Among one of the more interesting recent developments, REI has chosen to close the doors of its retail outlets, and even urging customers to go outside instead with the #optoutside campaign. I see this as quite the bold and commendable move, and may well be the lead in an inevitable wave of backlash against the Black Friday tradition.
Now, I’m not against Black Friday by any means, but the reality is that many shoppers are seeing Black Friday for what it is: consumerism for the sake of consumerism, and in many cases, marketing for the sake of marketing. Like anyone with an interest in the profession, I admire good marketing, but I just can’t shake the thought that Black Friday as a marketing/sales tool has run its course.
Part of what is starting to kill Black Friday is the decision of many retailers, for better or worse, to open for part of Thanksgiving (typically from 6pm or so) when they would not in years past (the so-called “Gray Thursday”). The backlash from this has grown each year, with many refusing to shop on Thanksgiving in protest. Part of the backlash is due to retailers not giving employees the option to freely opt out of working on a holiday. While I can understand the retailers not wanting to do this, the effects of the bad PR will often more than offset whatever sales totals come up for a holiday.
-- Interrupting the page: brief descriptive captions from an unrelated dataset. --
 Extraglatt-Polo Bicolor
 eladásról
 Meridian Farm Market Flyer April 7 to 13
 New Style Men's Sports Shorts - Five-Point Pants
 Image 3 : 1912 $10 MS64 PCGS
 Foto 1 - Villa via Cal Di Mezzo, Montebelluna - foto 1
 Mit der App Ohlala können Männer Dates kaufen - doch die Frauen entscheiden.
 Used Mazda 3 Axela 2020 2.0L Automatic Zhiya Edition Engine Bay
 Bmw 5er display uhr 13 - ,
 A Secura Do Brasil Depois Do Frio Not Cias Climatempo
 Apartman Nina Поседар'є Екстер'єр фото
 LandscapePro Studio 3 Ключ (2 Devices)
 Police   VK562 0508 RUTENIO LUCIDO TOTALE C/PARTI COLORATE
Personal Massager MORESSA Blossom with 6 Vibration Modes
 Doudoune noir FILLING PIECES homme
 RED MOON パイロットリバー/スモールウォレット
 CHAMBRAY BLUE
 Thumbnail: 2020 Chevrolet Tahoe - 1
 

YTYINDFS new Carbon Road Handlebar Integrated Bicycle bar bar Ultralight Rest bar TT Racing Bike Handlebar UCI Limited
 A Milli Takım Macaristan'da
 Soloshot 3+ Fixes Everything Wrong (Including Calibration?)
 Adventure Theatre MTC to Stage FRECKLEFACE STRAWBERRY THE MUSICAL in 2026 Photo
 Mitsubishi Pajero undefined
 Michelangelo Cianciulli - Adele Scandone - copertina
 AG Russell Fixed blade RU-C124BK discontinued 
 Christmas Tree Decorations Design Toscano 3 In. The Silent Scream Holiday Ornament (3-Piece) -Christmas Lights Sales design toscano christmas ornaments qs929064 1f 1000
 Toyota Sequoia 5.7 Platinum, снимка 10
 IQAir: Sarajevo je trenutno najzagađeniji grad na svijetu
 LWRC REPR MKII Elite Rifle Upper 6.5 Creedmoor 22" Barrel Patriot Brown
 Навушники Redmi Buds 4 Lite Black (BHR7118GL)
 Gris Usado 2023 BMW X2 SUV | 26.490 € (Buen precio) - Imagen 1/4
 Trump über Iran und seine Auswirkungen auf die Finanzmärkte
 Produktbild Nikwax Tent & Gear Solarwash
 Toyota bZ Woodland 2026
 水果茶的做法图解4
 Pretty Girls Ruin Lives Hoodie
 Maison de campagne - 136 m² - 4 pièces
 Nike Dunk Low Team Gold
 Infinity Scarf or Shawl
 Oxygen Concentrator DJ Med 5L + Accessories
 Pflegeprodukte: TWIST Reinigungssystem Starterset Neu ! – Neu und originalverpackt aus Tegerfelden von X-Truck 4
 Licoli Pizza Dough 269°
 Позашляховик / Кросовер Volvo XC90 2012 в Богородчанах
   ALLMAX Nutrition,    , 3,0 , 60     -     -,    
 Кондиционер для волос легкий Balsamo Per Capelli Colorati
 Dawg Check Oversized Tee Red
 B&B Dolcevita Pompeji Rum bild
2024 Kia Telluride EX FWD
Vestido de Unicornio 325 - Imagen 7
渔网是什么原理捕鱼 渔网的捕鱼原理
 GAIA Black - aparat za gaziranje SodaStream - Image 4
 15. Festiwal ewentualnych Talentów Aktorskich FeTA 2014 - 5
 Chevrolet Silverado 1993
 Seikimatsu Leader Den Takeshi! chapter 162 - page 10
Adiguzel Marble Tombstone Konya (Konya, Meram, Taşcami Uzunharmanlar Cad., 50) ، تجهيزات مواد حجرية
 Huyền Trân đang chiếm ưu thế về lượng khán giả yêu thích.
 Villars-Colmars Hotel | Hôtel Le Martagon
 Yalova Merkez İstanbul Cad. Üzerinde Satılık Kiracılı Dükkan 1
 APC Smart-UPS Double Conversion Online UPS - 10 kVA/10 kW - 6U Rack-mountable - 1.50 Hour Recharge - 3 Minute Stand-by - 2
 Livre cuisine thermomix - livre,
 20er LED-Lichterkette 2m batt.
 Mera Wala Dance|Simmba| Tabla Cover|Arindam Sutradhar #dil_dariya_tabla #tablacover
There was a time when a store opening on a holiday was a flagrant taboo, something that Just Wasn’t Done. We’ve changed to a 24-hour society, where even on a holiday there are things that need to be done, and things happen like running out of aluminum foil or Aunt Ethel’s favorite diet soda on Thanksgiving morning.
The reality of it is, I don’t see Black Friday going anywhere soon. The actual term for the post-Thanksgiving shopping rush has been with us for a good four decades. Even with Christmas creep, it will take a lot to fully take down this tradition; in fact, it may be the key to ending “Christmas creep” which I personally think is much worse than one day of flagrant consumerism and marketing. Yes, Nordstrom is on to something by refusing to decorate for Christmas until after Thanksgiving, and I wish more stores would follow Nordstrom’s lead. It’s bad enough when Halloween items are out in early September, right after the back-to-school promotions conclude.